I rebuild the bridges in 3 positions. The dotted area above your house is also suited for a bridge, but you can only have 3 bridges in a town. The right side is the flower field, which will be harmful to move-in villagers so place your fences strategically. A town can only carry 30 projects max. (not counting buildings).

The blue lines are the roads (2 patterns wide) that connect Re-tail, Town Hall, Plaza, and your house. Since the Roost [R] is a big building I would suggest placing it near Re-tail. The small corners created by the path near the upper-left lake could be perfect for the police station [P]. The rest of the room near Re-tail could be filled with perfect fruit trees or some special flowers you like. In my town (the image above your post) I filled the bottom island with many perfect apple trees, which I use to gain money.

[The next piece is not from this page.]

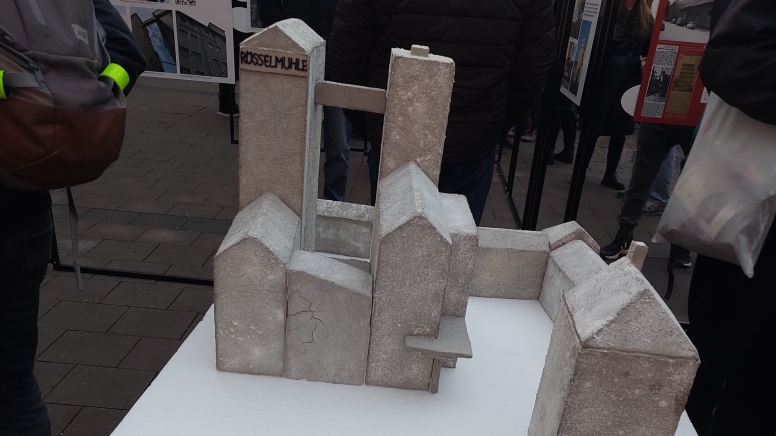 Modell der Rösselmühle aus Mehl, Grieß und Beton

The camp site [C] has many options. It's more often empty then used so I would hide it in a corner that's not used a lot. It doesn't show on the map but perhaps below your house? Although, a project like a fountain might also fit nicely near your house.

The left side could be filled with fruit trees and projects. Perhaps you can build a road there too, creating a park with benches and hybrids. Plant some bushes or trees near the road to protect hybrids. 

*Please let me know your thoughts, likes and dislikes.*


----------



## Sheba (Nov 26, 2013)

Oh wow, thank you sooo much for going to such lengths to help me!  I really like the bridge placements, I was actually going to build the bridge in position 3 today, but then the dream suite popped up. 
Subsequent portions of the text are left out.